Copy out all of the entries below without any change.

DATA SUPPLIED |
- Opening Delimiter -

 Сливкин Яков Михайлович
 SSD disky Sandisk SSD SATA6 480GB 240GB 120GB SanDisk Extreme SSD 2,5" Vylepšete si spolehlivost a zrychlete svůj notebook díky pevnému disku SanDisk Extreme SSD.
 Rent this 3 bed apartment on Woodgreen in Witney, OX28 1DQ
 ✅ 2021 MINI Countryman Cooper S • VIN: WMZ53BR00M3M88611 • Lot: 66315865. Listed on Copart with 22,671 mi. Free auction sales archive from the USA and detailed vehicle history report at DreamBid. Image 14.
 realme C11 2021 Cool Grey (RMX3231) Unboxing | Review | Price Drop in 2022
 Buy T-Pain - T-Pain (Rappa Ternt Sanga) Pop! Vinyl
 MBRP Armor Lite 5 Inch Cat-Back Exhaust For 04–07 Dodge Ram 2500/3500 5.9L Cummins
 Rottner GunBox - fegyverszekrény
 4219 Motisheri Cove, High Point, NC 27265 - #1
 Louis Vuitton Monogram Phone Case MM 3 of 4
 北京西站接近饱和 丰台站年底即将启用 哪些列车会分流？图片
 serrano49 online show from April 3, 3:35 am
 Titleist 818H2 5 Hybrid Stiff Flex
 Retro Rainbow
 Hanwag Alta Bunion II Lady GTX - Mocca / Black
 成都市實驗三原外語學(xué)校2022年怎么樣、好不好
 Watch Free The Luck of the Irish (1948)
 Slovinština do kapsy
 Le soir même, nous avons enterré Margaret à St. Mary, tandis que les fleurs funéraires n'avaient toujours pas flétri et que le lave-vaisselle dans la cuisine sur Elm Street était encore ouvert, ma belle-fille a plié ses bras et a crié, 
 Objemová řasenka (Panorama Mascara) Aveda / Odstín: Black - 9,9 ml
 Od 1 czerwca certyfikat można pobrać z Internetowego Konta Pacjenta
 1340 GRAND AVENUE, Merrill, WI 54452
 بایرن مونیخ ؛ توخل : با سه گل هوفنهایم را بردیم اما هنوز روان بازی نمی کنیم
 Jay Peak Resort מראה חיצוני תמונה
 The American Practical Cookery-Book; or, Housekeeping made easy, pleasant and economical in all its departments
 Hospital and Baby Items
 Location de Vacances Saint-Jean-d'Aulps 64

- Closing Delimiter -

SOLUTION |
 Сливкин Яков Михайлович
 SSD disky Sandisk SSD SATA6 480GB 240GB 120GB SanDisk Extreme SSD 2,5" Vylepšete si spolehlivost a zrychlete svůj notebook díky pevnému disku SanDisk Extreme SSD.
 Rent this 3 bed apartment on Woodgreen in Witney, OX28 1DQ
 ✅ 2021 MINI Countryman Cooper S • VIN: WMZ53BR00M3M88611 • Lot: 66315865. Listed on Copart with 22,671 mi. Free auction sales archive from the USA and detailed vehicle history report at DreamBid. Image 14.
 realme C11 2021 Cool Grey (RMX3231) Unboxing | Review | Price Drop in 2022
 Buy T-Pain - T-Pain (Rappa Ternt Sanga) Pop! Vinyl
 MBRP Armor Lite 5 Inch Cat-Back Exhaust For 04–07 Dodge Ram 2500/3500 5.9L Cummins
 Rottner GunBox - fegyverszekrény
 4219 Motisheri Cove, High Point, NC 27265 - #1
 Louis Vuitton Monogram Phone Case MM 3 of 4
 北京西站接近饱和 丰台站年底即将启用 哪些列车会分流？图片
 serrano49 online show from April 3, 3:35 am
 Titleist 818H2 5 Hybrid Stiff Flex
 Retro Rainbow
 Hanwag Alta Bunion II Lady GTX - Mocca / Black
 成都市實驗三原外語學(xué)校2022年怎么樣、好不好
 Watch Free The Luck of the Irish (1948)
 Slovinština do kapsy
 Le soir même, nous avons enterré Margaret à St. Mary, tandis que les fleurs funéraires n'avaient toujours pas flétri et que le lave-vaisselle dans la cuisine sur Elm Street était encore ouvert, ma belle-fille a plié ses bras et a crié, 
 Objemová řasenka (Panorama Mascara) Aveda / Odstín: Black - 9,9 ml
 Od 1 czerwca certyfikat można pobrać z Internetowego Konta Pacjenta
 1340 GRAND AVENUE, Merrill, WI 54452
 بایرن مونیخ ؛ توخل : با سه گل هوفنهایم را بردیم اما هنوز روان بازی نمی کنیم
 Jay Peak Resort מראה חיצוני תמונה
 The American Practical Cookery-Book; or, Housekeeping made easy, pleasant and economical in all its departments
 Hospital and Baby Items
 Location de Vacances Saint-Jean-d'Aulps 64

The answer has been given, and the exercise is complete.